What is your mission statement?  Does it align up with your home and work environment?  Now just may be the time to get stuck in and do something about it, before your family descends upon you at Christmas time and you are left red faced with a big mess that you just cannot hide.

Posted in CAT'S LIFE, CAT'S WEEKLY SPIRITUAL COMMENTS, ETHICS AND THE SPIRITUAL LIFESTYLE

Forgiveness

 

I had a dream last night, that involved someone who’s actions 15 years ago, have had negative repercussions on me and my family ever since.  This dream has been playing on my mind all day, because it involved me working on the process of forgiveness.

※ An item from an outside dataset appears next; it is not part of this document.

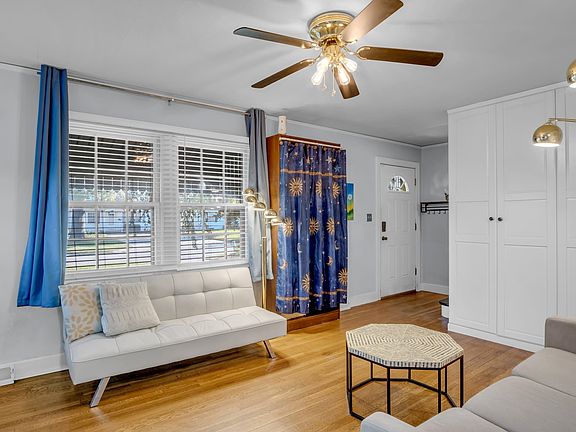 5th image of 617 E Hancock St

Emotion released into forgiveness
Image thanks to reconnections.net

Forgiveness is an easy thing to say and a not so easy thing to do.  In fact, a lot of people I’ve met feel it’s easier not to forgive and to feel that perpetual hurt.  I know of many people who hold a grudge and seek revenge.  But never have I heard of someone feeling that warm silence of inner peace because of their inability to forgive.

I chose to start the process of forgiving others a long time ago.  I’m no saint, I’m sure there are people who need to forgive me too.  We all make mistakes in life.  But if you are a good person and you can’t sleep at night, because of issues of forgiving others, you need to get on top of it.

Being angry at another person only affects their lives if you lash out.  They will energetically feel it if you don’t lash out, yes.  But more often than not, they will continue to go about their days not even thinking about you and what has peeved you off.  So, holding onto anger is toxic to you first and foremost, then it is toxic to those close to you and then to the people you deal with in daily life and finally to the person you have an issue with.  How can you succeed in life, if you are putting out all this anger to the world?  With a great deal of persistence and heartache, I expect.   There has to be an easier way…and yes, that way is forgiveness….but how do you forgive?

I have some examples for you.  One I’ve succeeded with, one I’m working on and one I’d love to see put into action.  So, we’ll start with the one that worked for me.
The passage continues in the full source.